Артист А. А. Мгебров видит в этой реабилитации актера, как существенного элемента в театре, нечто вроде революции и пишет в своей «Жизни в театре», что Старинный театр «был как бы началом подобной революции, что об этом достаточно писалось в свое время и даже больше — указывалось, что именно Старинный театр был провозвестником и зачинателем самых различных исканий и новаторств в области театра. Раз это так, раз смог каким-то образом возникнуть Старинный театр, — говорит А. Мгебров, — значит, в этом была естественная потребность времени, и, возможно, эта потребность явилась именно, как следствие актерского кризиса, дававшего чувствовать себя все сильнее и больнее».
«Театрализация, — пишет в заключение своей книги “Старинный театр” Эдуард Старк, — вот то существенно важное, что вытекло из всех действований Старинного театра и что отразилось во множестве явлений, наблюдавшихся в жизни русской сцены после Старинного театра и до наших дней. Сначала театральность, а потом уже все остальное вплоть до литературы, — вот лозунг, который приняли многие режиссеры, актеры, всякие манифестанты общественности, все, что делало театр похожим на какую-то инсценированную газету. И если внимательно присмотреться к некоторым эпизодам жизни русского театра с начала деятельности Старинного театра и до наших дней, то обнаружится множество таких фактов, которые не появились бы, не будь {360} Старинного театра. Петроградская студия Мейерхольда, со всеми ее достижениями в области актерской пластики, увлечение Гоцци с Гофманом, вся эта “Любовь к трем апельсинам” и другие аналогичные явления, что это — как не прямое последствие всего добытого Старинным театром?
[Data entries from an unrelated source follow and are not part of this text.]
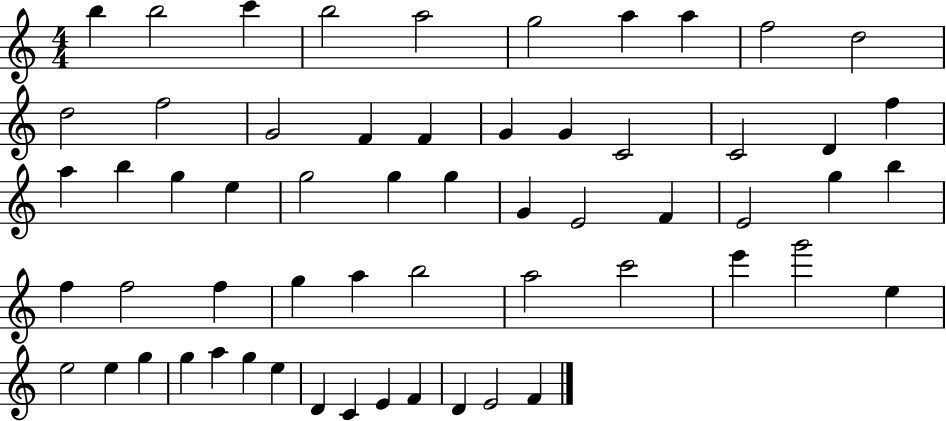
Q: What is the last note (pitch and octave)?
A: F4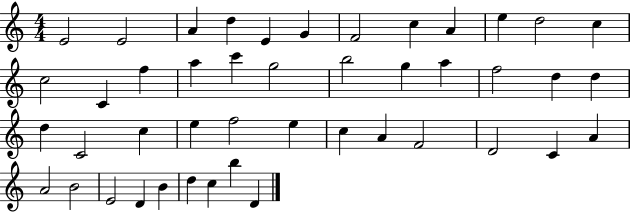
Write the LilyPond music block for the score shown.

{
  \clef treble
  \numericTimeSignature
  \time 4/4
  \key c \major
  e'2 e'2 | a'4 d''4 e'4 g'4 | f'2 c''4 a'4 | e''4 d''2 c''4 | \break c''2 c'4 f''4 | a''4 c'''4 g''2 | b''2 g''4 a''4 | f''2 d''4 d''4 | \break d''4 c'2 c''4 | e''4 f''2 e''4 | c''4 a'4 f'2 | d'2 c'4 a'4 | \break a'2 b'2 | e'2 d'4 b'4 | d''4 c''4 b''4 d'4 | \bar "|."
}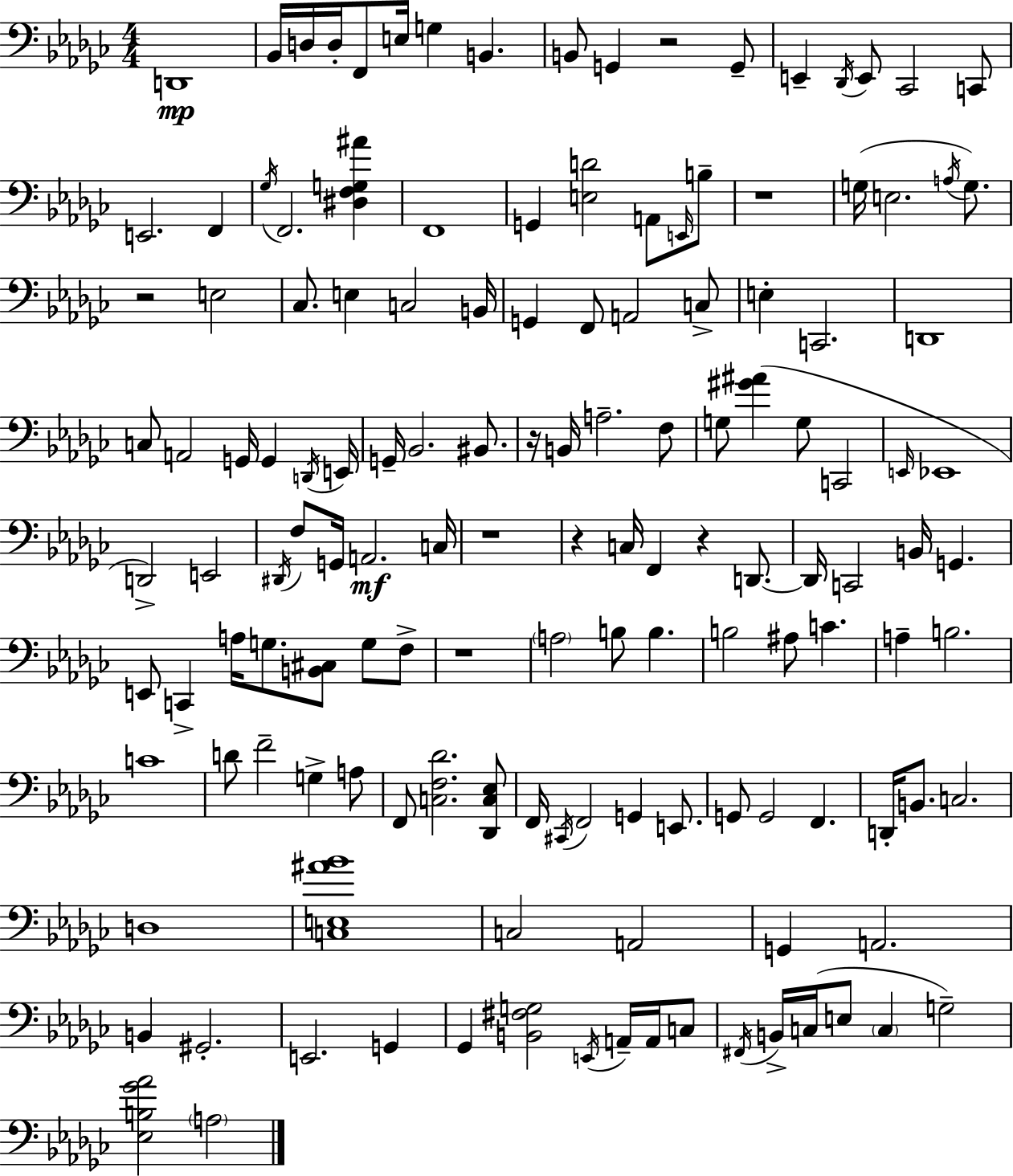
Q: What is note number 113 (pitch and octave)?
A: Gb2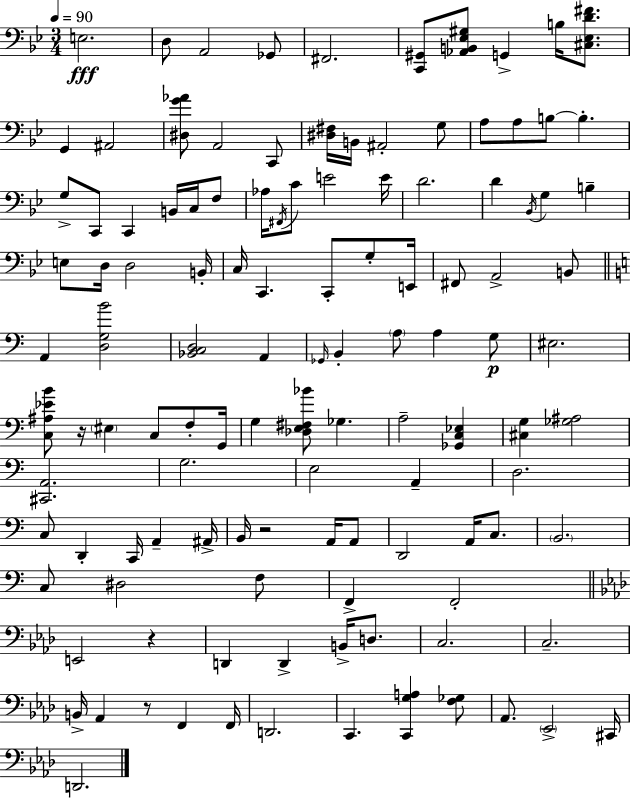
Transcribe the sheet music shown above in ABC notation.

X:1
T:Untitled
M:3/4
L:1/4
K:Gm
E,2 D,/2 A,,2 _G,,/2 ^F,,2 [C,,^G,,]/2 [_A,,B,,_E,^G,]/2 G,, B,/4 [^C,_E,D^F]/2 G,, ^A,,2 [^D,G_A]/2 A,,2 C,,/2 [^D,^F,]/4 B,,/4 ^A,,2 G,/2 A,/2 A,/2 B,/2 B, G,/2 C,,/2 C,, B,,/4 C,/4 F,/2 _A,/4 ^F,,/4 C/2 E2 E/4 D2 D _B,,/4 G, B, E,/2 D,/4 D,2 B,,/4 C,/4 C,, C,,/2 G,/2 E,,/4 ^F,,/2 A,,2 B,,/2 A,, [D,G,B]2 [_B,,C,D,]2 A,, _G,,/4 B,, A,/2 A, G,/2 ^E,2 [C,^A,_EB]/2 z/4 ^E, C,/2 F,/2 G,,/4 G, [_D,E,^F,_B]/2 _G, A,2 [_G,,C,_E,] [^C,G,] [_G,^A,]2 [^C,,A,,]2 G,2 E,2 A,, D,2 C,/2 D,, C,,/4 A,, ^A,,/4 B,,/4 z2 A,,/4 A,,/2 D,,2 A,,/4 C,/2 B,,2 C,/2 ^D,2 F,/2 F,, F,,2 E,,2 z D,, D,, B,,/4 D,/2 C,2 C,2 B,,/4 _A,, z/2 F,, F,,/4 D,,2 C,, [C,,G,A,] [F,_G,]/2 _A,,/2 _E,,2 ^C,,/4 D,,2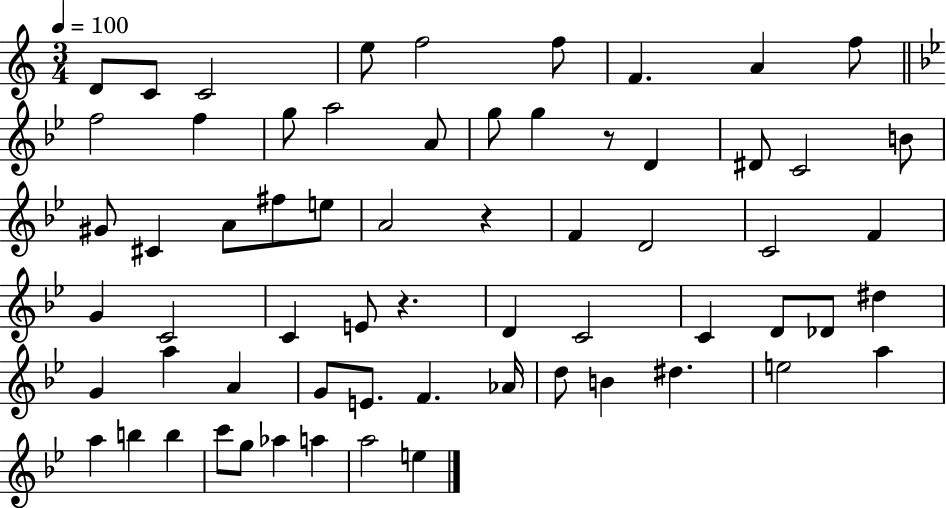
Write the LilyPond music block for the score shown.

А спектакли Московского Камерного театра, руководимого Таировым, с его каприччио по Гофману, с его преображением Шекспира, — что это, опять-таки, как не прямое следствие всех вопросов, поставленных и разрешенных Старинным театром? В работе Студии Московского Художественного театра также найдется немало отголосков Старинного театра. Все эти столь модные сейчас разговоры о снятии рампы, о разбивке сценической площадки, о роли просцениума, о слиянии сцены с зрительным залом и т. п., — над чем усиленно старались петроградские и московские новаторы, талантливые и вовсе бездарные, — все ведут свое начало от Старинного театра, все вдохновлены только им, хотя бы все “разговаривающие” и “действующие” и стали бы это отрицать», — говорит Эд. Старк.
С закрытием театра В. Ф. Комиссаржевской, констатирует В. Всеволодский-Гернгросс, новое направление потеряло свою цитадель, потеряло остроту удара, потеряло свою кафедру и, растворяясь в театре реалистическом и натуралистическом, смягчалось и сглаживалось. Однако оно, естественно, не могло этим довольствоваться; сознание того, что, в сущности, будучи разбито внешне, оно подчиняло своему вниманию все остальные театры, заставляло продолжать лабораторную работу. В 1914 г. в Москве открылся Московский Камерный театр, учрежденный А. Я. Таировым. Но к этому времени новое направление было лишено своей новаторской остроты, и первое время этот театр имел значение преимущественно суммирующее, эпигонствующее. Будучи театром формальных исканий, Московский Камерный театр окреп только с того момента, как уже успевший выдохнуться символизм заменился новым направлением — футуризмом.